As proud as I may be of my hometown, there is no one more zealous about Lambertville than the converts, people who discover the city, become homeowners, and embrace the community’s rich mix of people, housing, and cultural opportunities.
Realtor Steve Stegman is one of those who came to visit but quickly realized Lambertville had the feeling of home. “I came here on vacation during a period when I was looking for a place to establish my business of 1960s pop culture items. I had looked at Key West, San Diego, and Alexandria, Virginia, but none had clicked,” said Stegman.who is with Weidel Realtors in New Hope.
“I remember standing at the corner of Church and Union streets by the People’s Store and the feeling of home came over me,” he said, referring to the establishment that began as a general store in the 1840s and has since been reconstituted as an antiques co-op. “I looked around and it was the scale of the buildings, the history of the buildings, the proximity of the Delaware River; all of the elements fell in place for me. It was home. That’s what brought me here and keeps me here,” said Stegman, who prior to 1986 had lived in the Riverdale section of the Bronx.
The city is not only a home, it is now also a destination place for restaurants and has surpassed its over-the-bridge neighbor, New Hope, Pennsylvania, for its reputation in supporting art shops and galleries. It’s also a prime area for shoppers looking for antiques, diners in search of fine restaurants, and a municipality where community spirit runs high.

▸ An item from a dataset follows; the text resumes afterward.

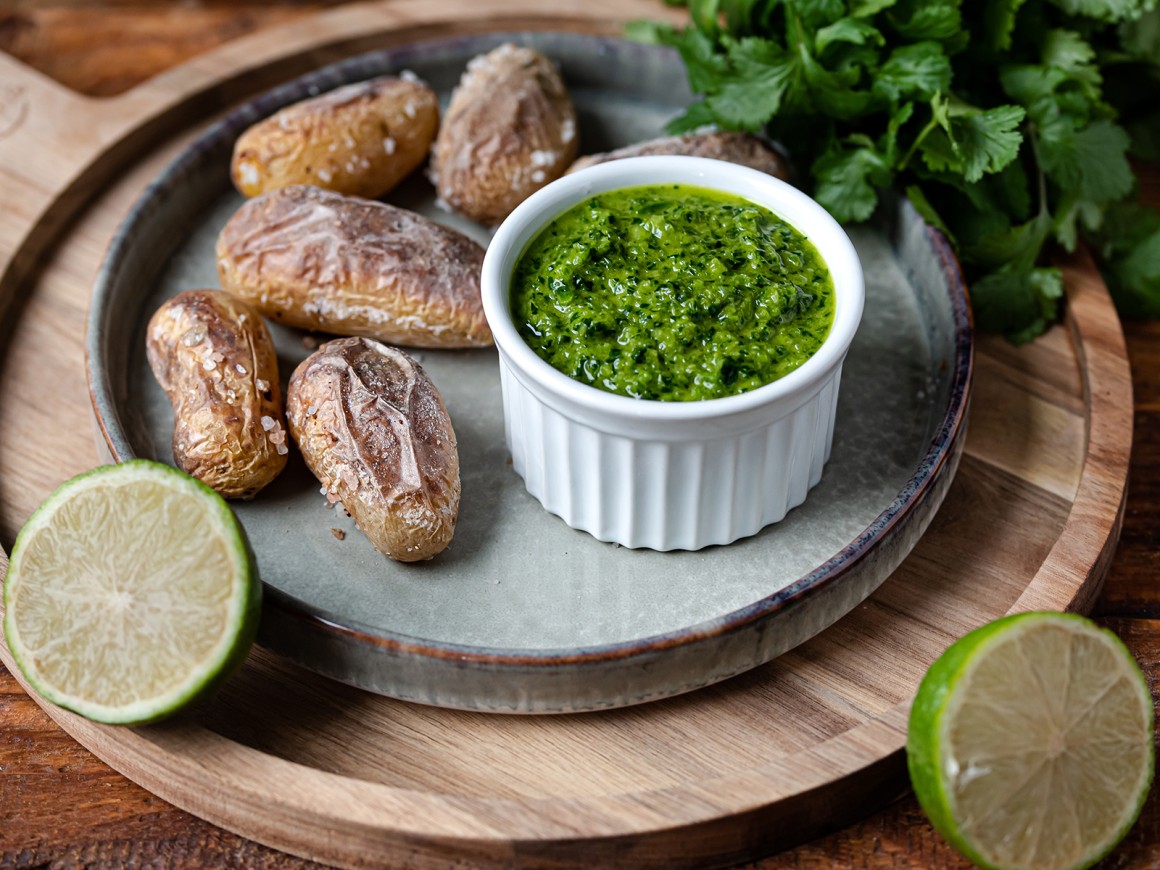 Mojo verde mit gebackenen Kartoffeln - Rezept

Lambertville consists of about 1,950 households, 183 commercial or industrial properties, and two farms snuggled in one square mile surrounded by the Delaware River and three hills. The land was once the home of the Lenape Indians who also were known as the Delaware and sold their tracts to white settlers. The city’s first resident was John Holcombe, who built a stone house in 1724 that 54 years later became General George Washington’s headquarters during the Revolutionary War.
In 1732 Emanuel Coryell, an early entrepreneur, started a ferry service between the settlement and what is now New Hope. Coryell also established an inn for stage coach travelers between Philadelphia and New York. The settlement became known as Coryell’s Ferry.

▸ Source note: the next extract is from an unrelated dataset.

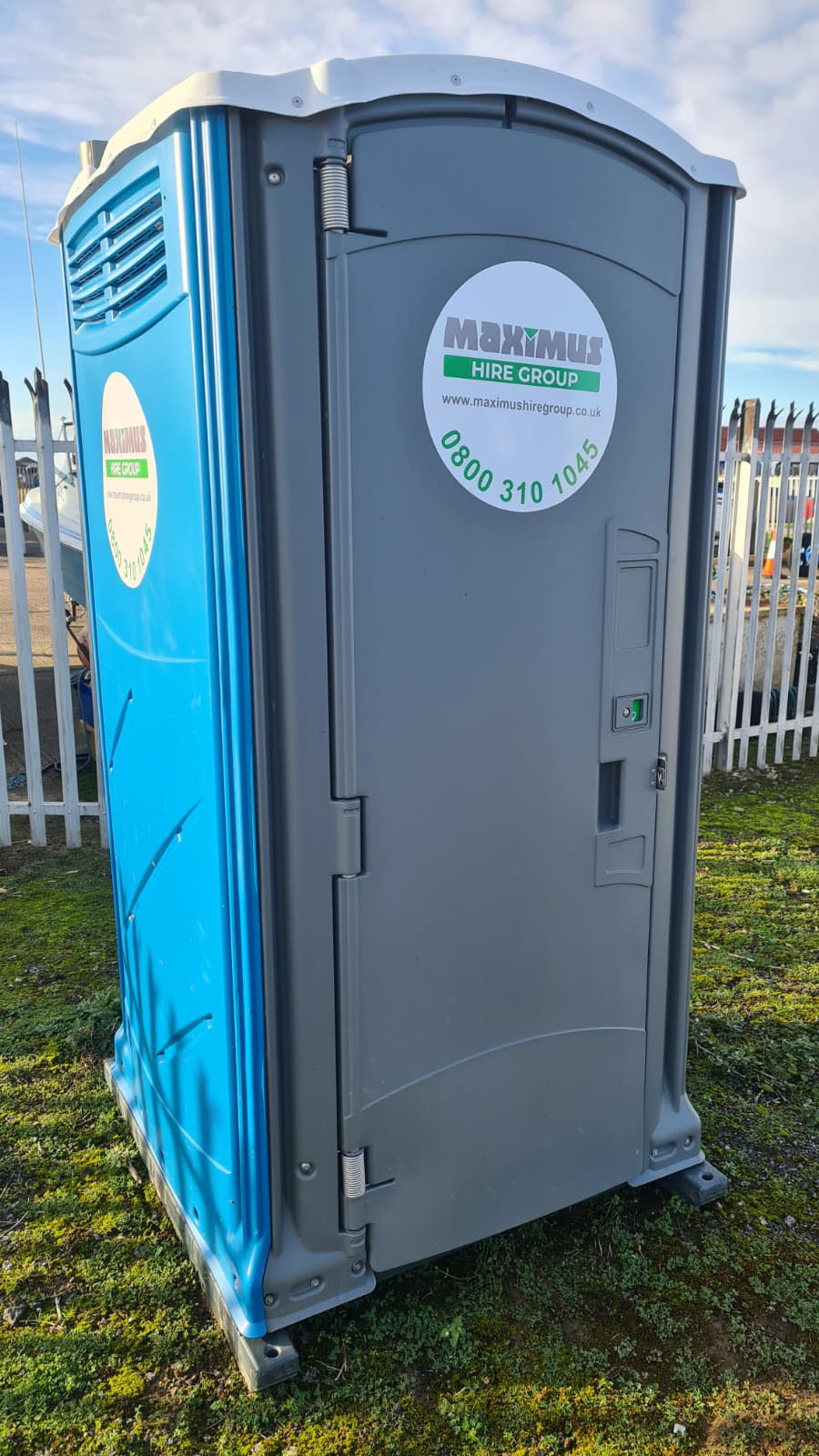 construcion site portable loo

Later it became Lambertville in honor of John Lambert, the first postmaster and in 1812 the builder of the Lambertville House, which was restored in recent years as an upscale hotel.
From just a handful of people in the 1700s, the town’s population grew to 1,417 when it was incorporated in 1849 and to 2,851 by 1863. The town’s industrialization got a boost when the Delaware & Raritan Canal Co. built its waterway in 1830. But there was a greater surge with the coming of the Belvidere-Delaware Railroad in 1851 that paralleled the canal north of Trenton.
Much of the prized housing in Lambertville stems from that industrialized era, from the handsome mansions to the row houses that line some of the city’s streets.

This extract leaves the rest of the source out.